→ **SOURCE DATA**:
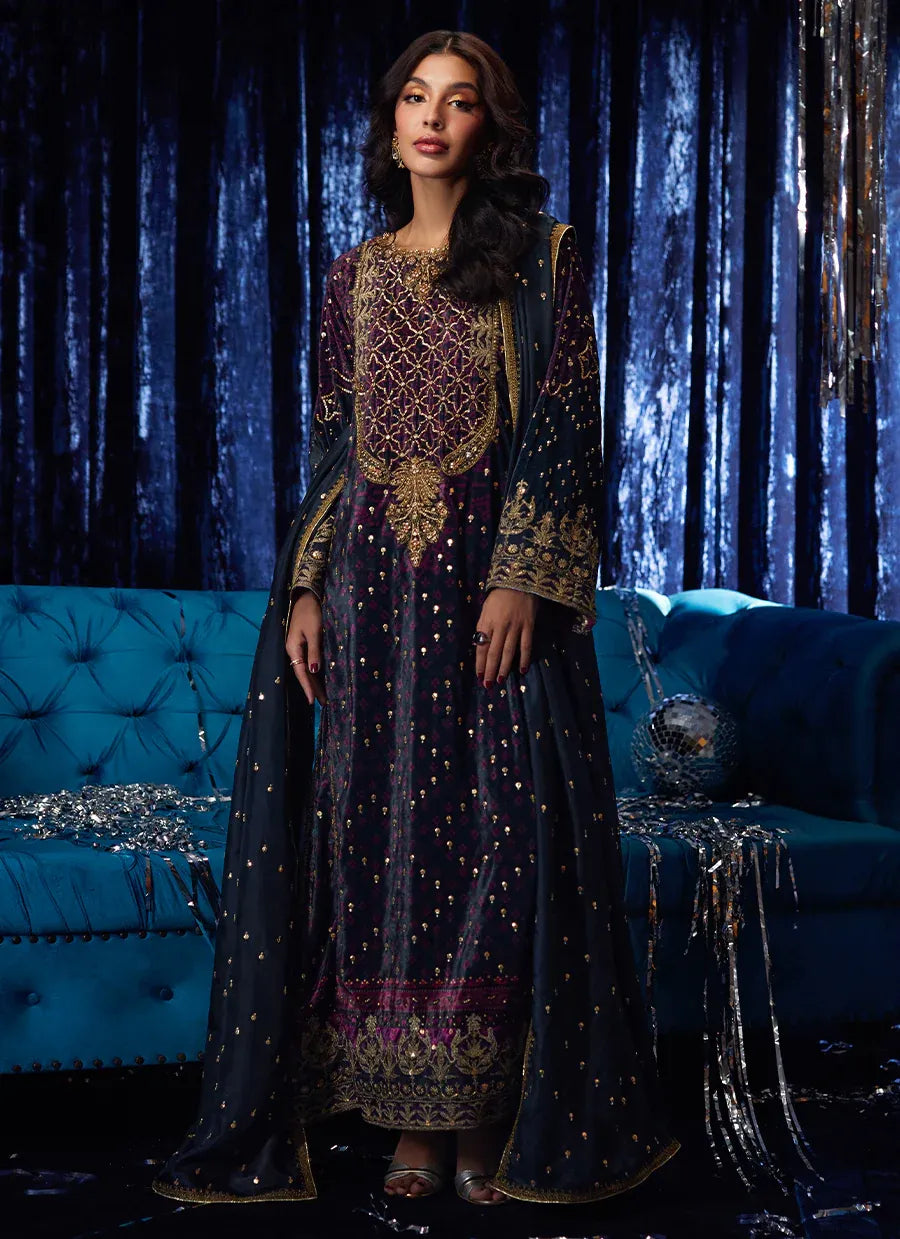 Woman in an ornate dark blue and gold dress standing in front of a blue couch with decorative elements.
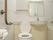 トイレはユニットバスの中に設置されている。ふたつきの便器になっている。トイレットペーパーホルダーの横にナースコールボタンがある。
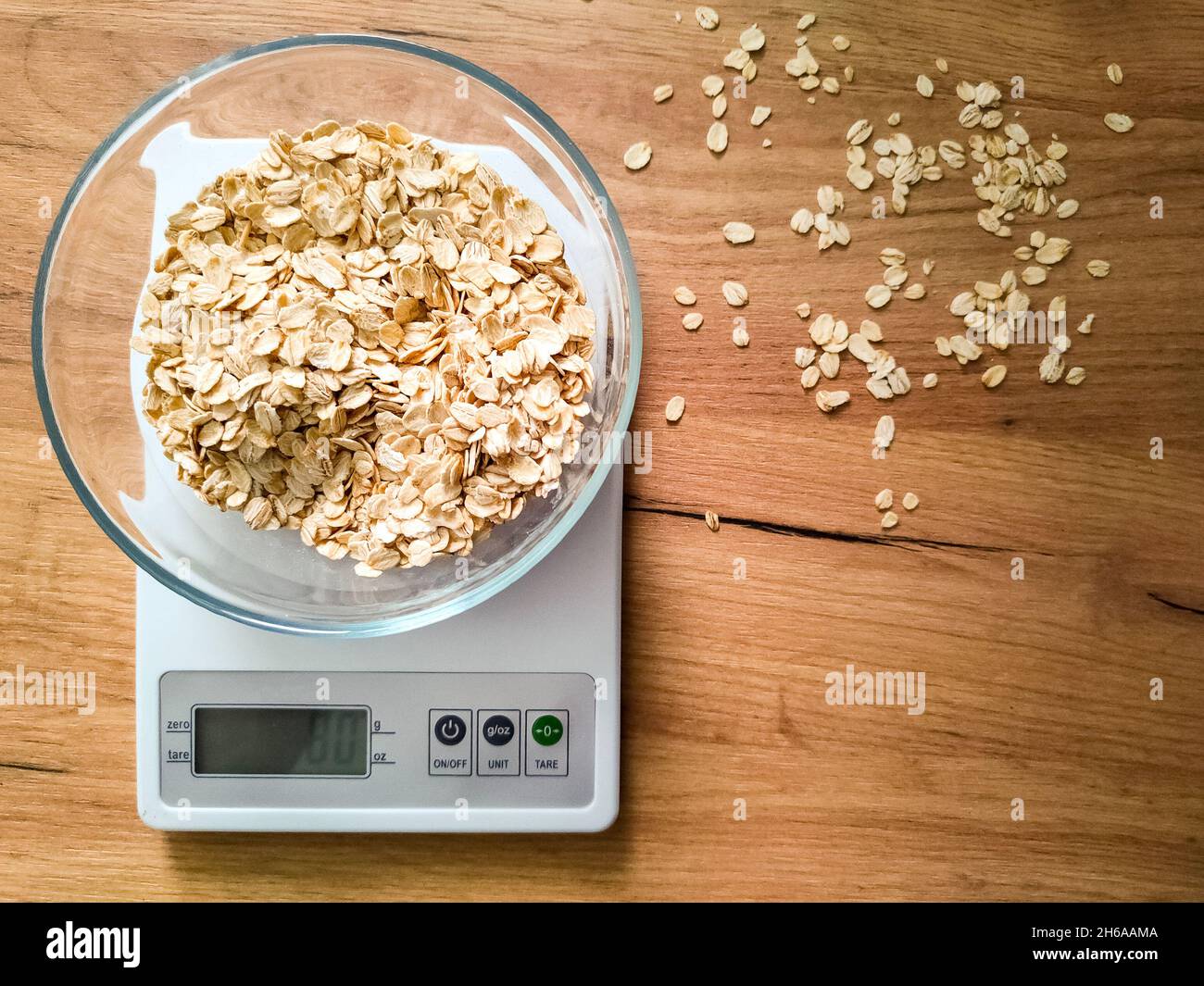 Gruaux d'avoine, gruaux pesant dans un bol en verre sur des balances électroniques de cuisine sur une table en bois. Banque D'Images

→ **EXERCISE DETAILS**: The output must start at the line holding "トイレはユニットバスの中に設", end at the last line of the listing above, and show each line exactly; please omit all pictures.

→ **SOLUTION**:
 トイレはユニットバスの中に設置されている。ふたつきの便器になっている。トイレットペーパーホルダーの横にナースコールボタンがある。
 Gruaux d'avoine, gruaux pesant dans un bol en verre sur des balances électroniques de cuisine sur une table en bois. Banque D'Images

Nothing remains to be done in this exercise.